Driando mengatakan, di UK, orang sudah mengetahui khasiat kesehatan dan pembuatan yang ramah lingkungan. Sedangkan di India, harus mengandung bumbu yang biasa dikonsumsi di sana.

“Jadi harus menemukan soft spot masing-masing negara,” ucap Driando.

Pembuatan tempe melibatkan pengusaha kecil di negara asing. Hal ini pun berdampak pada pengusaha kecil sehingga mendapat dukungan dari pemerintah lokal. Di Iowa dan Illinois, misalnya, pemerintah lokal mendukung industri fermentasi kacang-kacangan, karena bisa menyerap kacang lokal dan mengembangkan industri rumahan.

Tempe Movement menyajikan produk tempe dengan rasa berbeda dan disajikan dalam bentuk kemasan siap makan. Rasa barbeque, mediteranian, dan curry menjadi produk kemasan yang banyak dicari. Selain itu, mereka juga masih menyediakan rasa original tempe juga untuk memudahkan konsumen mengolah tempe sesuai selera daerah masing-masing.

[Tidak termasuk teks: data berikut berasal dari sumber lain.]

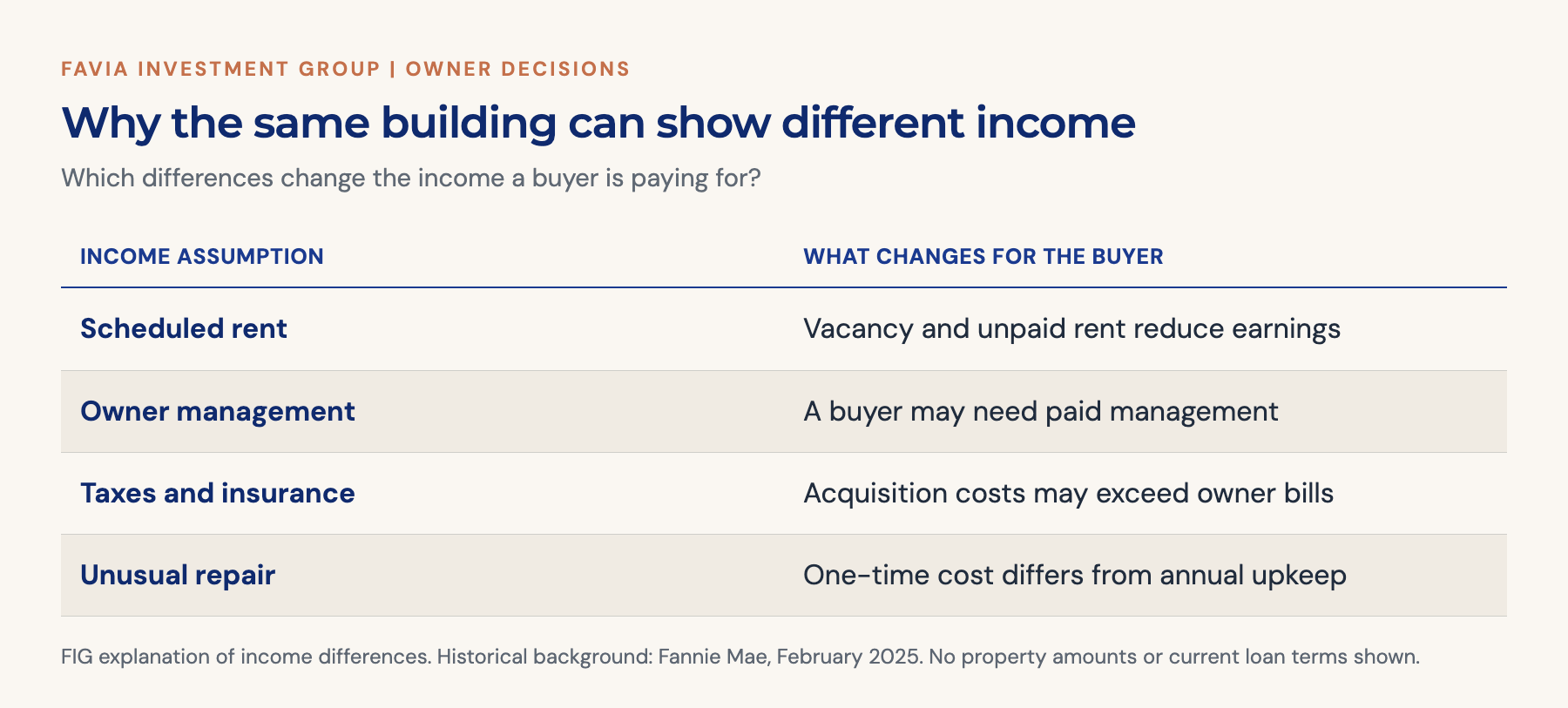 Income comparison explains how rent losses, paid management, acquisition expenses and one-time repairs can change the earnings behind a valuation.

“Di Jepang, warga menyukai tempe yang mentah seperti sashimi yang kemudian diberikan bumbu tradisional. Kalau di Eropa dan Amerika, warga suka produk siap makan dari supermarket.”

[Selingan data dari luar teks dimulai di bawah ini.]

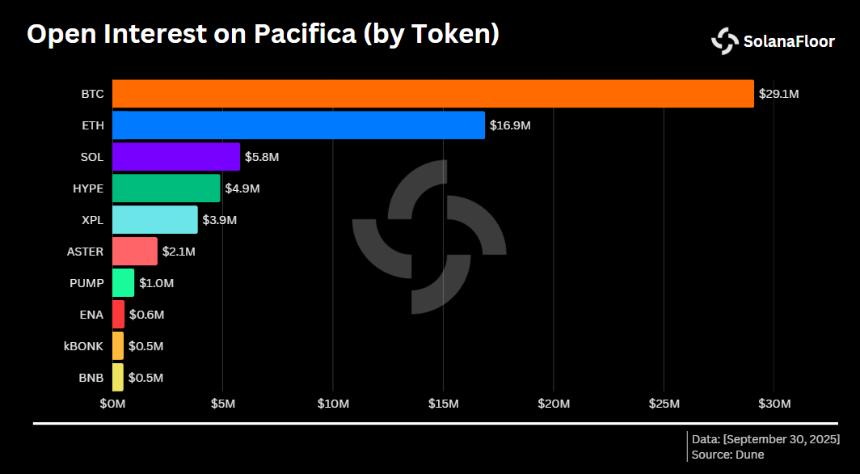 Solana 交易活动加速，Pacifica 每日永续合约交易量达到 10 亿美元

Selain di supermarket, beberapa produk varian tempe juga bisa dibeli di marketplace seperti Amazon Inggris dan Selffridges and co. Untuk satu kemasan tempe dilabel dengan harga 3,29 poundsterling atau sekitar Rp60.000.

Tempe memiliki zat antikanker

Tempe mentah produksi Indonesia Tempe Movement (foto: Driando Amadeus/Tempe movement)

Kini tempe mulai dikembangkan, tidak hanya dari fermentasi kedelai, tetapi juga dari kacang-kacangan atau biji-bijian lainnya diantaranya kacang merah, kacang tanah, kacang polong, biji rami, biji chia, dan masih banyak lagi. Riset juga dilakukan untuk mencari tahu kandungan biji-bijian dan kacang-kacangan jika difermentasi menyerupai tempe.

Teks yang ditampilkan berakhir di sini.